The clearest hit and the one with the easiest path to success is also, not surprisingly the show of the three that is most conventional. Still one should not confuse conventional with hum drum. Set in the mob town of 1960 Las Vegas and with the double barreled approach of a long range plot of the battle between a resolute upright Sheriff and a mobster named Savino, while also having weekly crimes to investigate this show lights up the screen. Dennis Quaid is good in his role but Micheal Chilkis is fantastic, Emmy worthy right away, in his role as the Chicago gangster. Don't wait on this show, it is a little beyond the normal cop show, the historic setting adds and element, and the acting is first rate. This show is a sure fire winner.
Wednesday, September 26, 2012
Vegas
I watched the debut of the new CBS show Vegas last night. With a cast led by Dennis Quaid and Micheal Chiklis and the full on promotion of CBS the show has a strong chance of success and after watching the first episode if that success is forthcoming it will be well deserved.
The show is based on the real life story of Ralph Lamb,a sheriff in the early sixties, during the transformation of Las Vegas from sleepy gambling town to full on neon lights and gambling mecca. In the debut episode we have learned quite a bit about the direction of the show.
Quaid as Lamb is asked by the town's mayor to solve the murder of the Governor's niece. As a rancher who is mostly concerned with airplanes flying over his cattle and spooking them he agrees to this one time favor for the mayor.
Chilkis plays mobster Vincent Savino. He has been brought in to take control of an under performing casino. What we know, but Lamb does not is that the Sheriff he is replacing has run afoul of the Mob and that the District Attorney is on the take as well.
In the first episode the murder is solved but we all see that the show is going to run parallel tracks. We might well have weekly crimes to be solved but the ever present back story is going to be the developing antagonism between Savino and Lamb. At the end of the first episode Savino, who had earlier been deferential to the Sheriff, shows his teeth when ordering Lamb out of his casino.

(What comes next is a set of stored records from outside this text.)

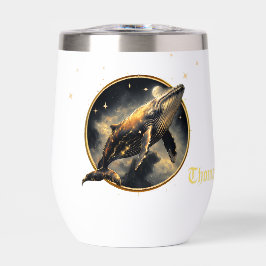 Elegancia cósmica, la ballena dorada y negra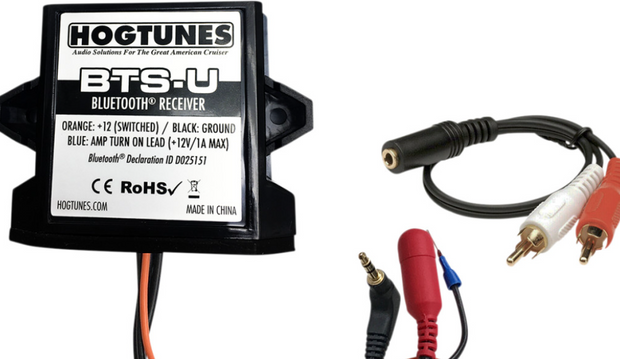 HOGTUNES Universal Bluetooth Receiver Aux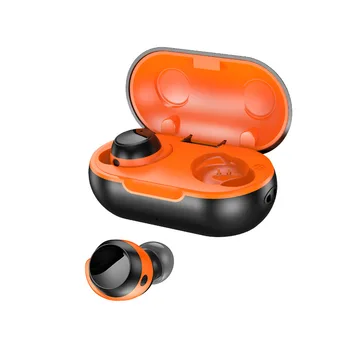 TWS Mini Pravi Brezžični 5.0 Bluetooth slušalke z dvojno uho v uho športni nepremočljiva hrupa in zmanjšanje hrupa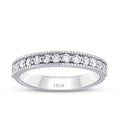 0,25 ct. Diamant Halb-Memoire-Ring
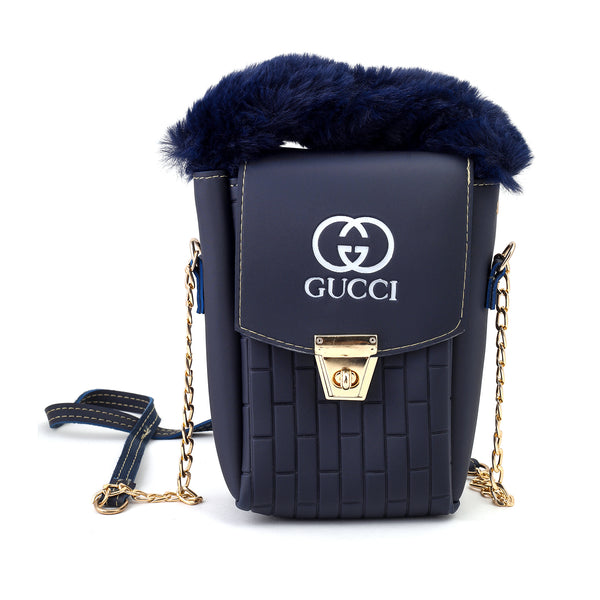 Women's Mobile Pouch - Navy Blue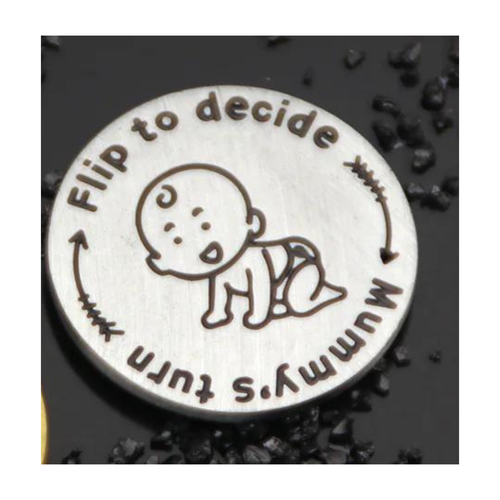 Parent Decision Coin for Mom Dad Baby Shower Novelty Gift Birthday Present Mum - Picture 6 of 8
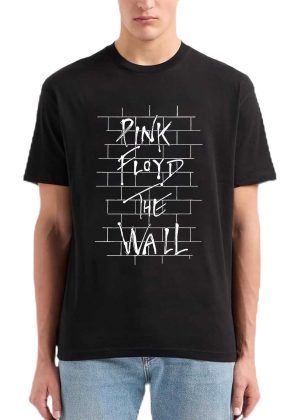 Men's Pink Floyd Band The Wall T-Shirt Vintage Rock Graphic Tee Cotton Rock Fan pop Rock Music World Tour Black Unisex T-Shirt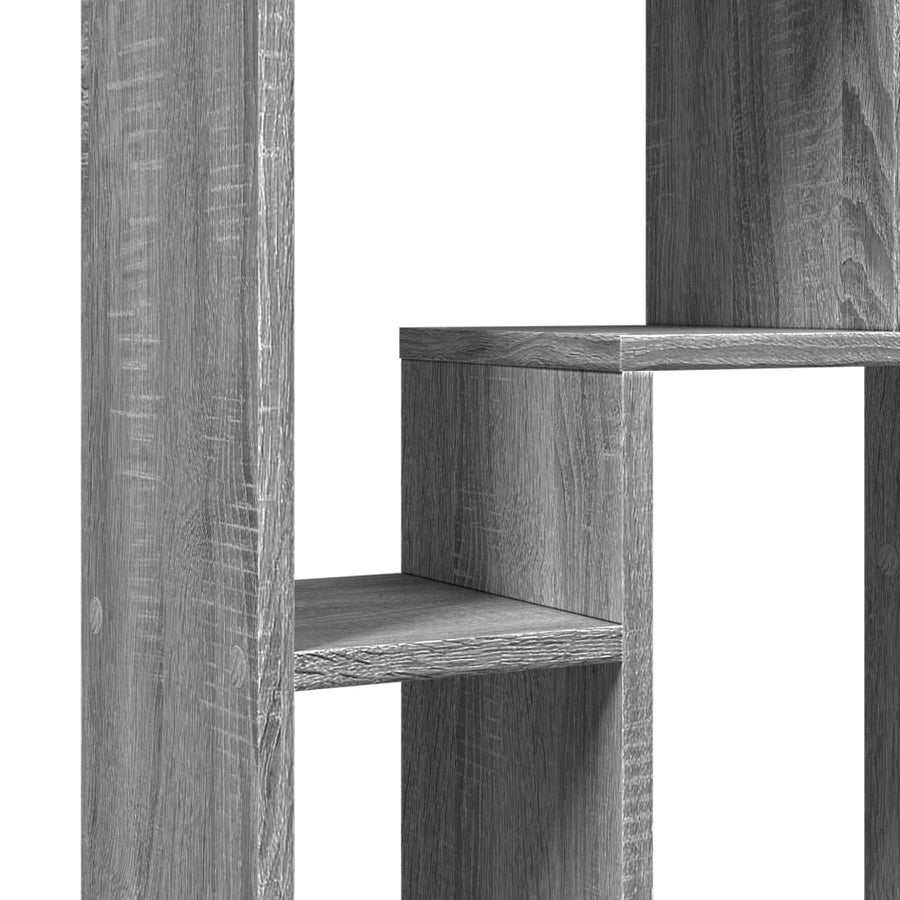 Boekenkast 63x20x90 cm bewerkt hout grijs sonoma eikenkleurig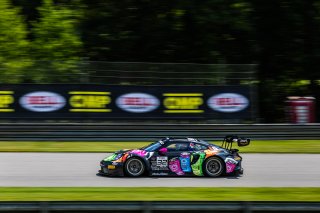#32 Porsche 992 GT3 R of Kyle Washington and Tom Sargent, GMG Racing, GT World Challenge America, Pro-Am, SRO America, Barber Motorsports Park, Birmingham, AL, Sept 5 - 7, 2025
 | Fabian Lagunas | www.lagunasphotography.com | For SRO Motorsports Group 2025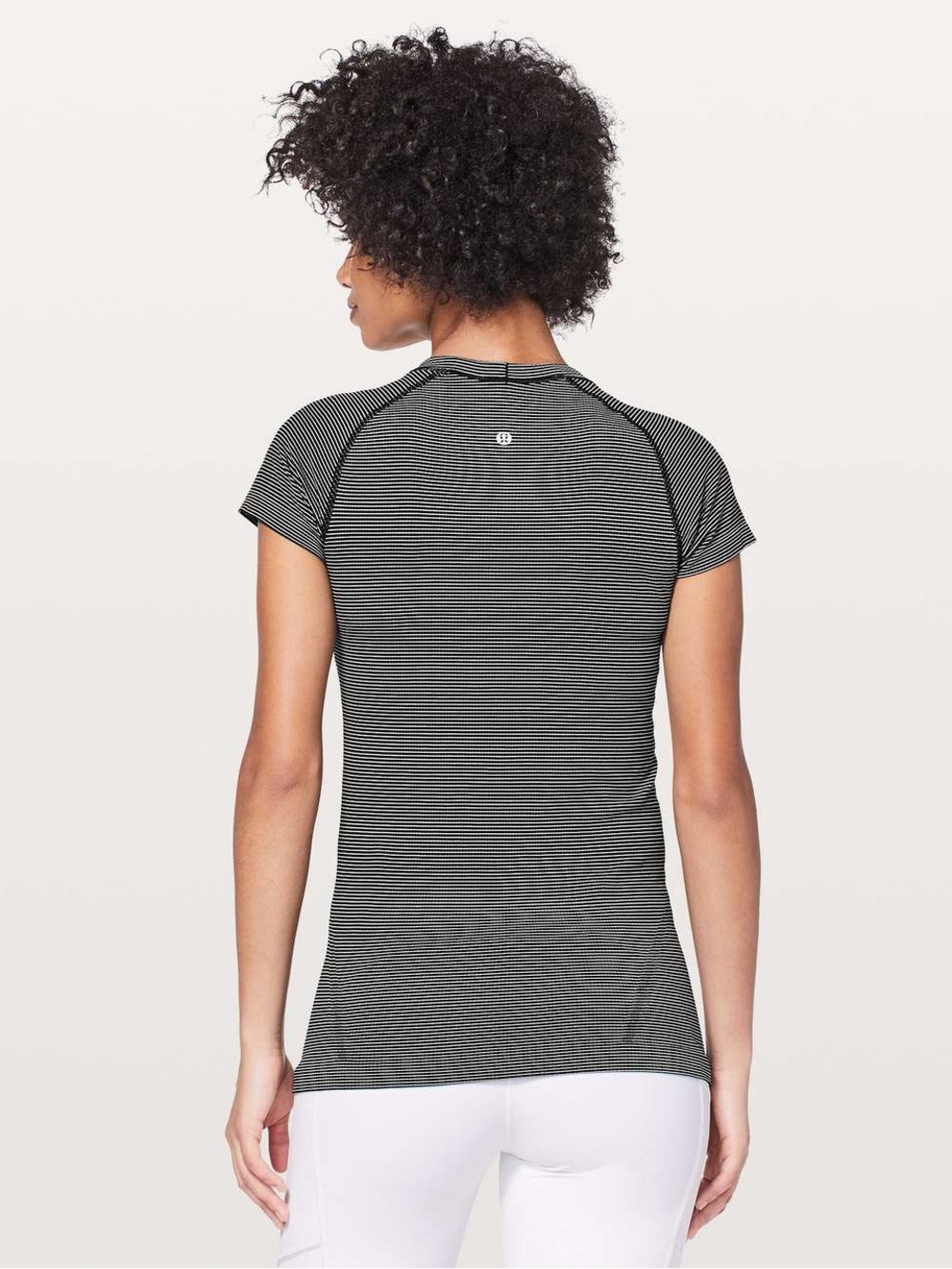 Bundle Lululemon Swifty Tech Short Sleeve Tops Briar Rose Black White Stripe 2 - Picture 6 of 11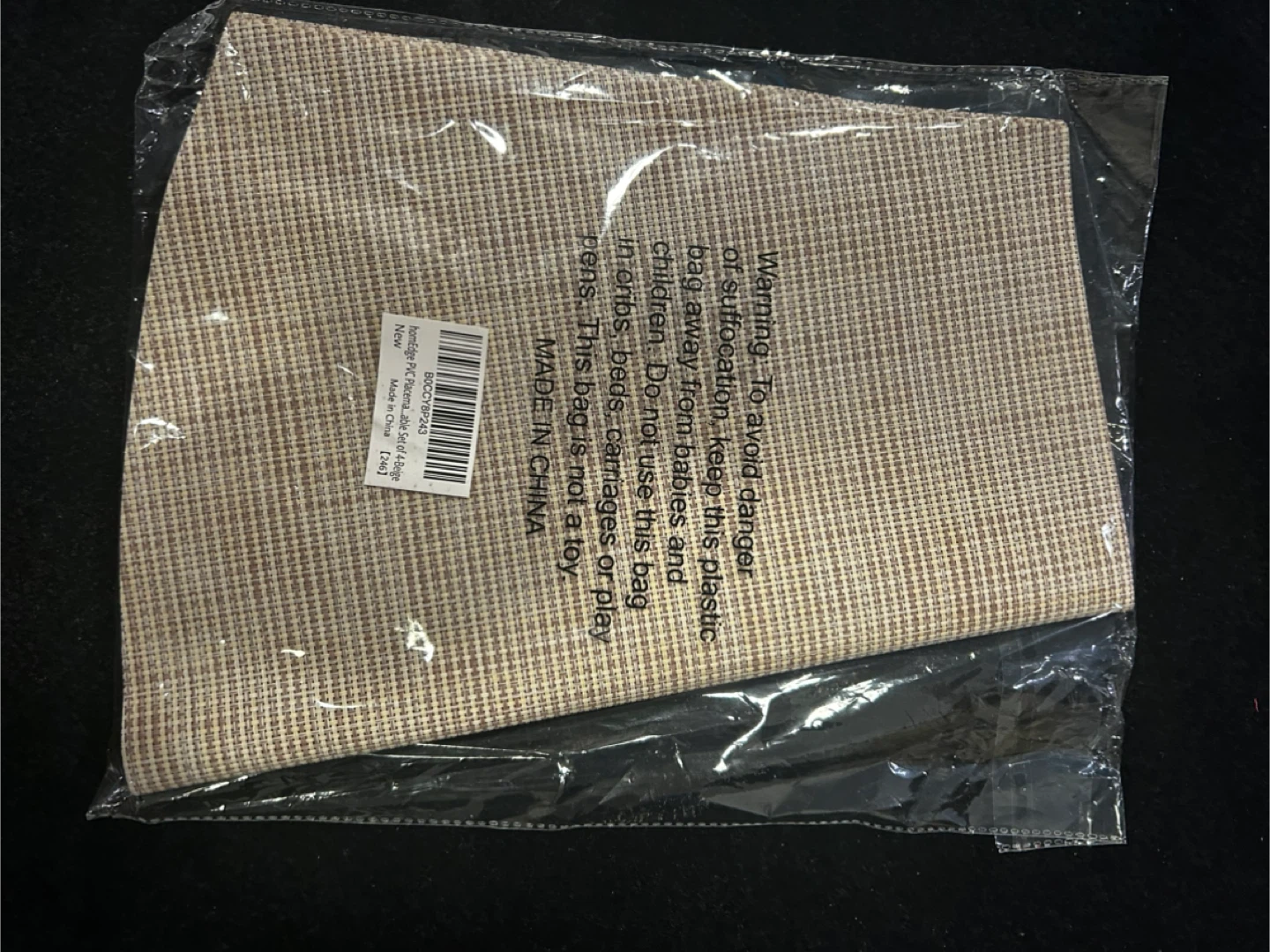 Set of 4 Placemats - Brown/Tan - photo 4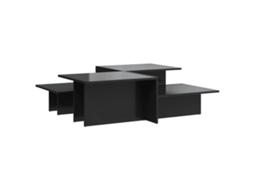 Coffee Table, Coffee Tables Vidaxl Preto Madeira Processada (n/a)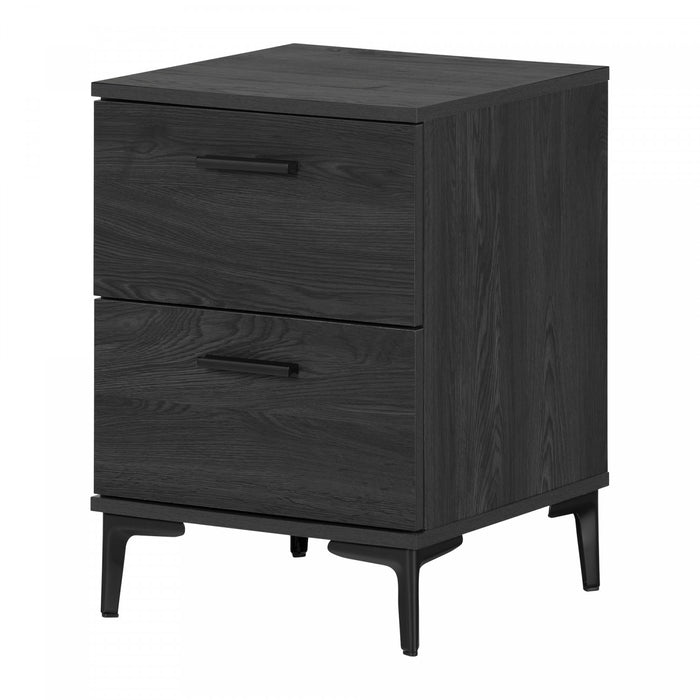 Musano 2-drawer Nightstand With Metal Legs - Gray Oak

Quaid turns in a strong performance but his earnestness and macho swagger is perhaps a bit overdone. Seeing him stride down an airport runway in a walk not run with a rifle over his shoulder makes him a bit campy but it is always hard not to like a Dennis Quaid performance. The show's star however will be Chiklis. The man oozes personality in every scene. Those who remember him on The Shield will not be surprised at how much he dominates every scene he is in. His portrayal of a gangster who wishes to be more nuanced than the straight ahead brutality that has preceded him is as good as it gets.
This show will be on my weekly lineup for a few weeks. I would like it to stay there, the question is can they develop the long term story line in a way that will satisfy me while keeping networks viewers who tend to like fully enclosed story lines. tuning in.